[Data excerpts]
= = = =

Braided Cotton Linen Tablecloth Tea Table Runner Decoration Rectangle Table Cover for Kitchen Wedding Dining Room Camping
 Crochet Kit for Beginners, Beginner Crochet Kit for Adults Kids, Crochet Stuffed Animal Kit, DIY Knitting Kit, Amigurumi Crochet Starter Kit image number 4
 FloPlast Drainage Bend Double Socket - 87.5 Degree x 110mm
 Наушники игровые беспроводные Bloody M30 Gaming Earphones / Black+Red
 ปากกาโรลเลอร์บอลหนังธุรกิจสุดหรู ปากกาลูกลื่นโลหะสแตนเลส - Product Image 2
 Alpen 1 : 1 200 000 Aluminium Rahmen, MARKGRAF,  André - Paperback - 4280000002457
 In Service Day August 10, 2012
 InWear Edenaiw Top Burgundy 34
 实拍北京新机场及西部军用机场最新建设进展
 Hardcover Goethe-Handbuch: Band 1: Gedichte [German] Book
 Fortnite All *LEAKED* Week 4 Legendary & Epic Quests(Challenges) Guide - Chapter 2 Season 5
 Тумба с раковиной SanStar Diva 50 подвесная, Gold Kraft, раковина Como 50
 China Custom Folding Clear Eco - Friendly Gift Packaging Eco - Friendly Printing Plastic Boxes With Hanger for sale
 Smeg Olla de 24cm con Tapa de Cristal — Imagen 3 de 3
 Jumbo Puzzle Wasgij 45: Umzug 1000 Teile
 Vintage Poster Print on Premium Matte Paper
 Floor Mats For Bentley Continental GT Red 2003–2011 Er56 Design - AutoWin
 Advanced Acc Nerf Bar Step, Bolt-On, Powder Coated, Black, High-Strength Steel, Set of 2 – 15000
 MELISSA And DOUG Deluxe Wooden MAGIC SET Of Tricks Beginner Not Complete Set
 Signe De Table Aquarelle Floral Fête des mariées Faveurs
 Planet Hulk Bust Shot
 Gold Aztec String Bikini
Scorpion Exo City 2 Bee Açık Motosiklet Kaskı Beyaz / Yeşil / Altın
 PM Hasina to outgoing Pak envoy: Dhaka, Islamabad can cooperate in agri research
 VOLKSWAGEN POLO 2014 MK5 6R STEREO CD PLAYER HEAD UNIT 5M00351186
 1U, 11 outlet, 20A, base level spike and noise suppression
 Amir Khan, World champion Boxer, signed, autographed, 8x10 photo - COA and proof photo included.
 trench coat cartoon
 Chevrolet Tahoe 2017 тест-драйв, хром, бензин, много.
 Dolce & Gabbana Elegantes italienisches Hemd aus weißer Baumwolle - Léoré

= = = =

▶ _Required action_: Quote every line of the records above, from the first down to the one holding "Floor Mats For", exactly as written.

▶ _Result of the exercise_:
Braided Cotton Linen Tablecloth Tea Table Runner Decoration Rectangle Table Cover for Kitchen Wedding Dining Room Camping
 Crochet Kit for Beginners, Beginner Crochet Kit for Adults Kids, Crochet Stuffed Animal Kit, DIY Knitting Kit, Amigurumi Crochet Starter Kit image number 4
 FloPlast Drainage Bend Double Socket - 87.5 Degree x 110mm
 Наушники игровые беспроводные Bloody M30 Gaming Earphones / Black+Red
 ปากกาโรลเลอร์บอลหนังธุรกิจสุดหรู ปากกาลูกลื่นโลหะสแตนเลส - Product Image 2
 Alpen 1 : 1 200 000 Aluminium Rahmen, MARKGRAF,  André - Paperback - 4280000002457
 In Service Day August 10, 2012
 InWear Edenaiw Top Burgundy 34
 实拍北京新机场及西部军用机场最新建设进展
 Hardcover Goethe-Handbuch: Band 1: Gedichte [German] Book
 Fortnite All *LEAKED* Week 4 Legendary & Epic Quests(Challenges) Guide - Chapter 2 Season 5
 Тумба с раковиной SanStar Diva 50 подвесная, Gold Kraft, раковина Como 50
 China Custom Folding Clear Eco - Friendly Gift Packaging Eco - Friendly Printing Plastic Boxes With Hanger for sale
 Smeg Olla de 24cm con Tapa de Cristal — Imagen 3 de 3
 Jumbo Puzzle Wasgij 45: Umzug 1000 Teile
 Vintage Poster Print on Premium Matte Paper
 Floor Mats For Bentley Continental GT Red 2003–2011 Er56 Design - AutoWin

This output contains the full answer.